La rue est à ce point familière au citadin qu’on n’y prête plus guère attention. C’est aussi un espace à connotation affective : on parle de « gosses des rues », « chansons des rues » … Quel était cet espace autrefois, quel est-il aujourd’hui ?  Quelle place pour le piéton ?  A quoi ressemblait cet espace avant l’éclairage, l’automobile ? Quelles sont les permanences, les ruptures depuis l’Antiquité ?

Interrogée en introduction sur le choix d’un découpage chronologique original, privilégiant « un long Moyen Âge » (du 5ème au 19ème siècles). C.G insiste sur le fait que les médiévistes travaillent toujours sur le long terme voire le très long terme.  En ce qui concerne la rue en France, on peut considérer que du Moyen Âge à Haussmann, la configuration, la largeur, l’hygiène, la sociabilité des rues, les hommes et femmes qui la fréquentent et y travaillent, demeurent pratiquement les mêmes.

La rue, lieu de circulation.

C.G. La continuité dans le temps long est frappante. Les embouteillages décrits par Boileau pourraient dater du Moyen Âge, voire de l’Antiquité. Dans toutes les villes moyennes (environ 20 000 à 30 000 habitants) tout comme à Paris (200 000 habitants au début du 14ème siècle), l’espace est le plus souvent totalement saturé. La congestion anarchique est provoquée par le nombre croissant de véhicules et d’hommes concentrés dans un tissu urbain resté identique, constitué d’un lacis de ruelles et de rues étroites et tortueuses souvent de deux mètres de large atteignant très rarement six mètres maximum comme la rue neuve construite (1160) par l’évêque de Paris pour rejoindre Notre-Dame au palais royal dans l’IIe de la Cité en faisant détruire des blocs d’habitations. Il y a certes quelques villes neuves qui dérogent à la règle générale avec des rues au carré plus spacieuses à l’image des rues de l’Antiquité qui découpaient l’espace en lignes droites bordées de portiques.

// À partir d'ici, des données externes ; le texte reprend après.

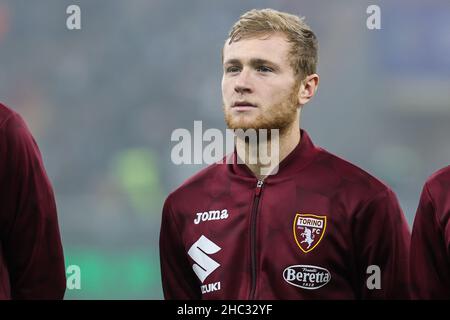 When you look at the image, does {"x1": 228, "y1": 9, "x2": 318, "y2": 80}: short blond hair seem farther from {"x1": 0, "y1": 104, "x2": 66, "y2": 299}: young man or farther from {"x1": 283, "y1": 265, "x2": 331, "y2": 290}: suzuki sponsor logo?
{"x1": 0, "y1": 104, "x2": 66, "y2": 299}: young man

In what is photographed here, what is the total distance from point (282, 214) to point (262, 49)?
2.11ft

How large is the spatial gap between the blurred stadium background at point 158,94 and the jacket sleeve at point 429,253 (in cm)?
695

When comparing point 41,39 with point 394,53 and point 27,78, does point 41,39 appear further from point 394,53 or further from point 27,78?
point 394,53

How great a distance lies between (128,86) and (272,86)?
326 inches

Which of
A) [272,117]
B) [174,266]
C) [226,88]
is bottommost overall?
[174,266]

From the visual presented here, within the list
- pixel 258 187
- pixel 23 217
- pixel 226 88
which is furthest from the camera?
pixel 258 187

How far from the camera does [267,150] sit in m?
3.25

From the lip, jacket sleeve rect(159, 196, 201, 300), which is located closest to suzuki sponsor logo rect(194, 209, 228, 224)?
jacket sleeve rect(159, 196, 201, 300)

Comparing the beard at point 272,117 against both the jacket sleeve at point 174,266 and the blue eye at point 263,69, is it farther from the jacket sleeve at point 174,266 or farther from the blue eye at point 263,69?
the jacket sleeve at point 174,266

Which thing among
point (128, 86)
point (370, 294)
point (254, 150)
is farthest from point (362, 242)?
point (128, 86)

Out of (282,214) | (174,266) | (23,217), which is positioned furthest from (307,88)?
(23,217)

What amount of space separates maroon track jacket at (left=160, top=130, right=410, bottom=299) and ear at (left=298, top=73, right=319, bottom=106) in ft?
0.51

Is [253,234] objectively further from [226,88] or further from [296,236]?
[226,88]

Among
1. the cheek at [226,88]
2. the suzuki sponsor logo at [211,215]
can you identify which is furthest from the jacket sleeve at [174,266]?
the cheek at [226,88] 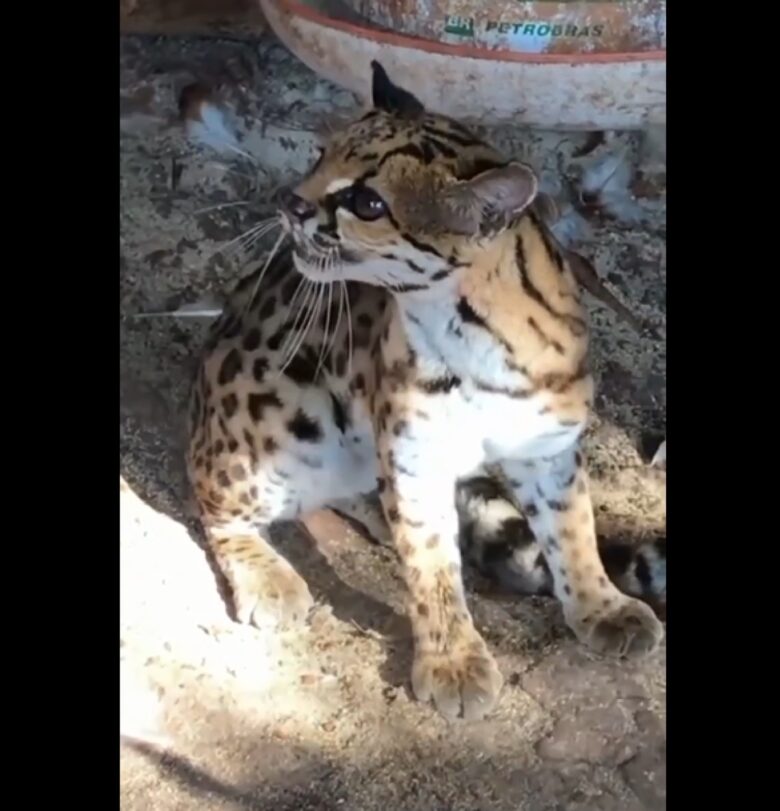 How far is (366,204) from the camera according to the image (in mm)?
1363

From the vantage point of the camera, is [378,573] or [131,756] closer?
[131,756]

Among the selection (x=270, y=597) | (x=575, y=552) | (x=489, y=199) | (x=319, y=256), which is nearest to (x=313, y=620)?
(x=270, y=597)

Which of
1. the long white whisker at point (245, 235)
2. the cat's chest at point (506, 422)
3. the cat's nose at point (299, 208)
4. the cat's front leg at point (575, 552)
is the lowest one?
the cat's front leg at point (575, 552)

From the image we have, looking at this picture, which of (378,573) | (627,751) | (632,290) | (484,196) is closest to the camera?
(484,196)

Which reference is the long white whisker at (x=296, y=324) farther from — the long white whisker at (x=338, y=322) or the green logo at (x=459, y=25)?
the green logo at (x=459, y=25)

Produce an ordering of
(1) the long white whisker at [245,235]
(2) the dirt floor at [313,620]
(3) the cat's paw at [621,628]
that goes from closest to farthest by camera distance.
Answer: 1. (2) the dirt floor at [313,620]
2. (3) the cat's paw at [621,628]
3. (1) the long white whisker at [245,235]

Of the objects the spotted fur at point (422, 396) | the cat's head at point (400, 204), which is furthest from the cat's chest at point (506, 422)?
the cat's head at point (400, 204)

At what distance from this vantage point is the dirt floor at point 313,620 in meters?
1.43

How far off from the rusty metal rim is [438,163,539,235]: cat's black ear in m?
0.41

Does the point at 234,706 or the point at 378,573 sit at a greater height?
the point at 378,573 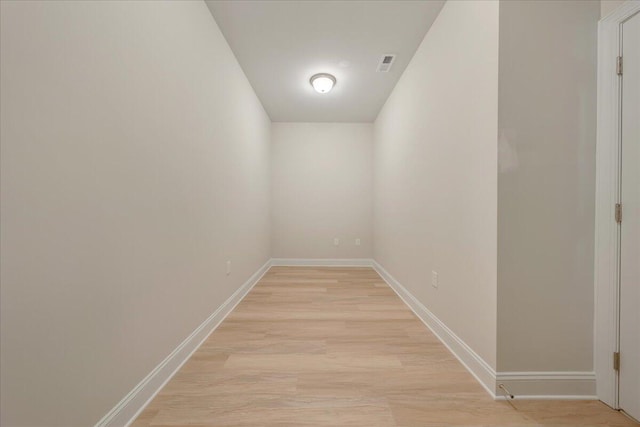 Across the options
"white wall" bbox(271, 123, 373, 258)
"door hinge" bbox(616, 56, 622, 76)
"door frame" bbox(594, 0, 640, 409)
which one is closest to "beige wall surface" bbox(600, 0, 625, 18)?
"door frame" bbox(594, 0, 640, 409)

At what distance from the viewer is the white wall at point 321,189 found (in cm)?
521

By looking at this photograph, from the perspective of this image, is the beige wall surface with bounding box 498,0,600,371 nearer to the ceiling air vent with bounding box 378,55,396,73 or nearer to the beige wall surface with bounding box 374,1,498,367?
the beige wall surface with bounding box 374,1,498,367

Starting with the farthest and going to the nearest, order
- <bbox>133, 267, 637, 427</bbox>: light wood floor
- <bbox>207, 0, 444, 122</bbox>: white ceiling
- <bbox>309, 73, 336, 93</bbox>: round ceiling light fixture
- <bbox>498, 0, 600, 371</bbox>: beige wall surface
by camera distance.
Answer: <bbox>309, 73, 336, 93</bbox>: round ceiling light fixture
<bbox>207, 0, 444, 122</bbox>: white ceiling
<bbox>498, 0, 600, 371</bbox>: beige wall surface
<bbox>133, 267, 637, 427</bbox>: light wood floor

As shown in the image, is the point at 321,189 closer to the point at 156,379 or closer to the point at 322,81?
the point at 322,81

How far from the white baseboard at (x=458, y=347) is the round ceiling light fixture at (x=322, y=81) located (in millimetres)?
2618

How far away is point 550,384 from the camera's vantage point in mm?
1502

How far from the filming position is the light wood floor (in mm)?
1348

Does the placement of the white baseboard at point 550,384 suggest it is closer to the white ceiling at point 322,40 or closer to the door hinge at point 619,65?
the door hinge at point 619,65

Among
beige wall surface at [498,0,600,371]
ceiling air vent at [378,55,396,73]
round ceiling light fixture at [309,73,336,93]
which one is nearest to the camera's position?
beige wall surface at [498,0,600,371]

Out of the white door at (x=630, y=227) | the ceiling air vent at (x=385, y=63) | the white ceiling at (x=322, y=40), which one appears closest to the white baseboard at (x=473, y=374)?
the white door at (x=630, y=227)

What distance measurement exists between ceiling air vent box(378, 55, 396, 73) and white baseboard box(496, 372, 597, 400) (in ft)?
9.49

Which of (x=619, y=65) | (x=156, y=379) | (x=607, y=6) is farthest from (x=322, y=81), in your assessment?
(x=156, y=379)

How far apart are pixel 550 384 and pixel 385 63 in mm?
3046

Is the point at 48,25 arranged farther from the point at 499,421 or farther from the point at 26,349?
the point at 499,421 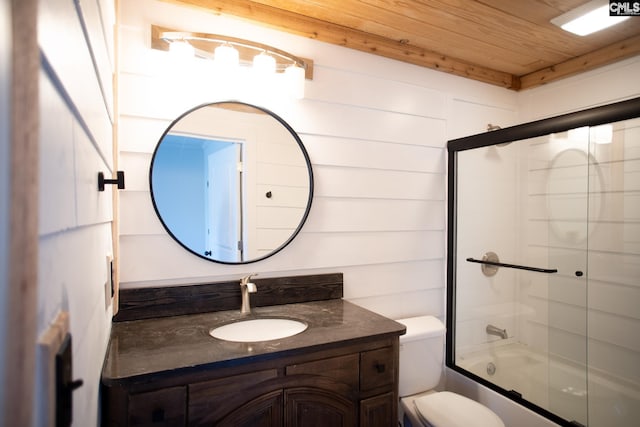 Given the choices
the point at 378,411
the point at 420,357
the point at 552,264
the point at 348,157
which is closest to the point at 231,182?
the point at 348,157

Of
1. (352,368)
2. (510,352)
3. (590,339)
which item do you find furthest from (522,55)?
(352,368)

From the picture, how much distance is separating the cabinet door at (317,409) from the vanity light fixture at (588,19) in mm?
2116

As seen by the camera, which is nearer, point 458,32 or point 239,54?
point 239,54

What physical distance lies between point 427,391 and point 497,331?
668mm

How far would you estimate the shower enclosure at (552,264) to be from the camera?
1740mm

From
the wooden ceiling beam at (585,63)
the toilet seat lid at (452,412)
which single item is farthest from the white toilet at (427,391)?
the wooden ceiling beam at (585,63)

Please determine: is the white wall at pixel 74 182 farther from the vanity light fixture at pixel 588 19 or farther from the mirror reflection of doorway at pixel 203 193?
the vanity light fixture at pixel 588 19

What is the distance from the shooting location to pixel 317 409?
126cm

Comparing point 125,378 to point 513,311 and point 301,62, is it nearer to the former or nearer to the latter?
point 301,62

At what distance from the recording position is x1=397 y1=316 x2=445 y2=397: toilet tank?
1.83 meters

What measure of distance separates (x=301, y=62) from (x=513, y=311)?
6.62 ft

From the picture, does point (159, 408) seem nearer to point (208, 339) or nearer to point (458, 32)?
point (208, 339)

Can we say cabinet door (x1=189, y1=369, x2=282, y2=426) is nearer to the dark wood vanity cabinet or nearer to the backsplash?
the dark wood vanity cabinet

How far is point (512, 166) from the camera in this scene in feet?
7.05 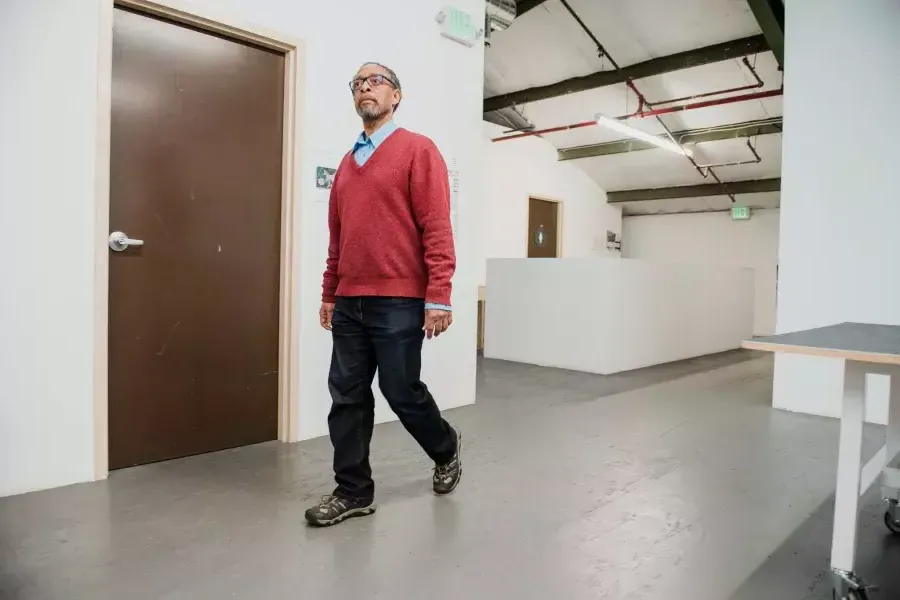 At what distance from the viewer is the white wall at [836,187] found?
328cm

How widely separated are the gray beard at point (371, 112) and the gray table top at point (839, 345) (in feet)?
3.98

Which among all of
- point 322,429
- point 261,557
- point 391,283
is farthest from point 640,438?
point 261,557

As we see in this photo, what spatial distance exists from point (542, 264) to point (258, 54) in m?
3.32

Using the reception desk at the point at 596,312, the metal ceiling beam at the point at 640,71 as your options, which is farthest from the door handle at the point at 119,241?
the metal ceiling beam at the point at 640,71

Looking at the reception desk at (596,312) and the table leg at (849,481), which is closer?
the table leg at (849,481)

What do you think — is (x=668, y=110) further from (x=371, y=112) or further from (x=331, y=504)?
(x=331, y=504)

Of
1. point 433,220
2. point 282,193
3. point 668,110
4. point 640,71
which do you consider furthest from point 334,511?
point 668,110

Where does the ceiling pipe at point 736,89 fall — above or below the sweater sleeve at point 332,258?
above

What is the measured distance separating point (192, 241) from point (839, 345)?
2212 mm

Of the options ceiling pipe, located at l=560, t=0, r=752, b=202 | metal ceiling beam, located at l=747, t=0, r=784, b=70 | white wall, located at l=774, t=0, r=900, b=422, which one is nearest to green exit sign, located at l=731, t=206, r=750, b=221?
ceiling pipe, located at l=560, t=0, r=752, b=202

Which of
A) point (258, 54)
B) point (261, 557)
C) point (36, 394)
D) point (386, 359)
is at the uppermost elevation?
point (258, 54)

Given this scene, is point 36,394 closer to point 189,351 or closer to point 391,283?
point 189,351

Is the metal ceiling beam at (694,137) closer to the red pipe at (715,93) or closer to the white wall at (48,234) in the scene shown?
the red pipe at (715,93)

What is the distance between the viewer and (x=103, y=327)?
2.14 metres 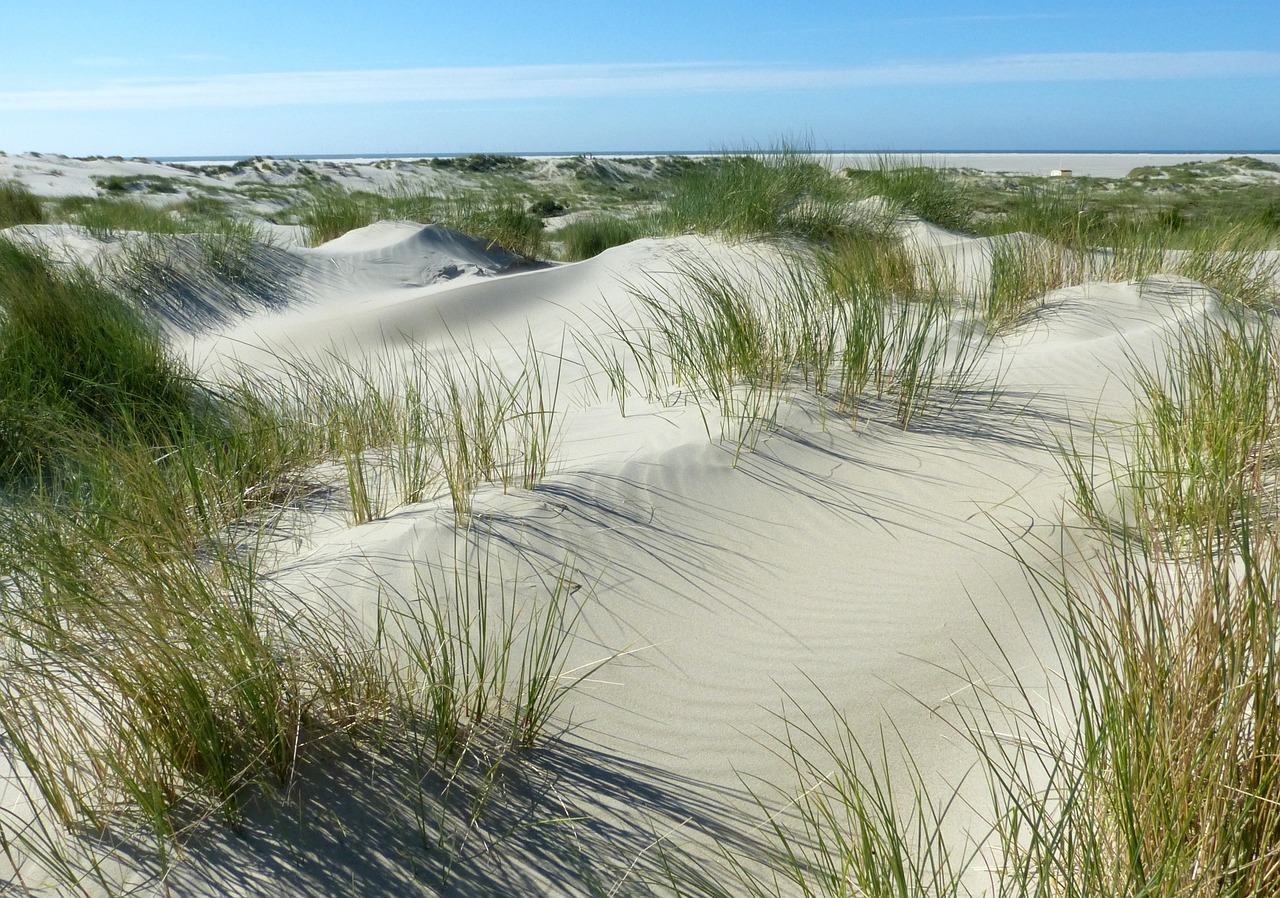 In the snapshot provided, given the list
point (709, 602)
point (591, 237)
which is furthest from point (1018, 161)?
point (709, 602)

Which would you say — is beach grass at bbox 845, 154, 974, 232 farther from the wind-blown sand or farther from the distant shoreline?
Answer: the wind-blown sand

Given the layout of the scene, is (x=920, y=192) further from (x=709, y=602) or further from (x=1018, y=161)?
(x=1018, y=161)

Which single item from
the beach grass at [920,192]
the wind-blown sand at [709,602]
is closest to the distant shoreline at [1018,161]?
the beach grass at [920,192]

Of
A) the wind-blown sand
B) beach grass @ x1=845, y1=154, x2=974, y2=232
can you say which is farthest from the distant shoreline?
the wind-blown sand

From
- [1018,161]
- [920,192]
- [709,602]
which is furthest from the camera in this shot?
[1018,161]

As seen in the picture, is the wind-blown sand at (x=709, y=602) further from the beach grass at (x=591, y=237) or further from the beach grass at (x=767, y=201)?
the beach grass at (x=591, y=237)

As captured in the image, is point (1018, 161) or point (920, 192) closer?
point (920, 192)

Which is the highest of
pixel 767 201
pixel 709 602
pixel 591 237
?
pixel 767 201

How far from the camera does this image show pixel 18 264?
5.57 m

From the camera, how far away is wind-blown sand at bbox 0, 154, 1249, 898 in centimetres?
157

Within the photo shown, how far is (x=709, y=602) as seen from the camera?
238 centimetres

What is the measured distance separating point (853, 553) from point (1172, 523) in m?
0.82

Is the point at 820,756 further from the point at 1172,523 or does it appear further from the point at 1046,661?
the point at 1172,523

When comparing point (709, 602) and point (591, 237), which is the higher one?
point (591, 237) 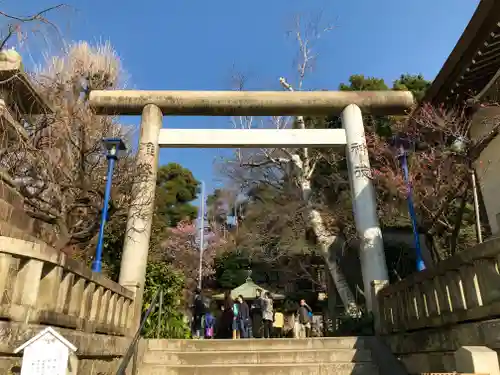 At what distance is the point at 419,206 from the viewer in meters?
8.37

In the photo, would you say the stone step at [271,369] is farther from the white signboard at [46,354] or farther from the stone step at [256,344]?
the white signboard at [46,354]

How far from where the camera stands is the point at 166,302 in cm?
886

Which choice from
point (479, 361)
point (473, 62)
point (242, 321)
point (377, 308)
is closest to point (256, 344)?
point (377, 308)

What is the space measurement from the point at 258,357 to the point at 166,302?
3226 mm

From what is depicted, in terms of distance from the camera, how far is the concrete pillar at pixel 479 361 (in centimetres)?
305

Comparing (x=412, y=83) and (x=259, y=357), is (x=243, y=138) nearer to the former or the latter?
(x=259, y=357)

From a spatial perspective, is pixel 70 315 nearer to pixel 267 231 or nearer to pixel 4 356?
pixel 4 356

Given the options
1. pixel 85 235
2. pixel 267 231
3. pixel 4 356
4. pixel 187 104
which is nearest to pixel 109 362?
pixel 4 356

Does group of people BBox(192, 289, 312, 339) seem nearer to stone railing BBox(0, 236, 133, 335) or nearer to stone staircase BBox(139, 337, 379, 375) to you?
stone staircase BBox(139, 337, 379, 375)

Ceux qui circulent sont des marchands, des artisans, qui travaillent sur place et évacuent leur production. Les bêtes de trait et les charrettes provoquent beaucoup d’accidents. D’après les sources, on sait il y a beaucoup d’hommes mais c’est plus difficile de connaitre la place des femmes. Celles-ci circulent comme travailleuses : elles sont nombreuses notamment dans le travail de la soie à Paris et elles vendent parfois à la criée leur production. Les femmes se promènent-elles dans les rues ? C.G n’a pas de réponse quantitative car les sources sont extrêmement fugitives sur ce point.

D.T. fait remarquer que la perception de la rue comme lieu d’embarras est vieille comme la rue. L’apparition de l’automobile a été une rupture majeure dans une histoire de longue durée qui n’est pas univoque et dont l’évolution n’est pas linéaire mais où se superposent les mutations technologiques et politiques. Les travaux qu’Haussmann a imposés à la ville médiévale méritent d’être réévalués positivement dans la mesure où il a repensé l’espace urbain avant l’arrivée de l’automobile, en ayant une vision avant-gardiste remarquable.  L’automobile ne devient un élément essentiel dans les interactions avec la ville que dans les années 1950 qui constituent une rupture majeure dans l’histoire longue de la rue. C’est en 1832 qu’une ordonnance de la préfecture de police de Paris définit, pour la première fois, les usages fonctionnels de la rue en affectant la voie publique à la circulation, principe réitéré théoriquement par Le Corbusier. Mais ce sont les années Pompidou qui marquent la ferme volonté d’adapter la ville à la circulation automobile, remettant en cause, pendant environ une vingtaine d’années l’hégémonie de la rue comme espace public même si les architectes recourant à l’urbanisme de la dalle ont souhaité préserver la rue comme structure de base du plan urbain.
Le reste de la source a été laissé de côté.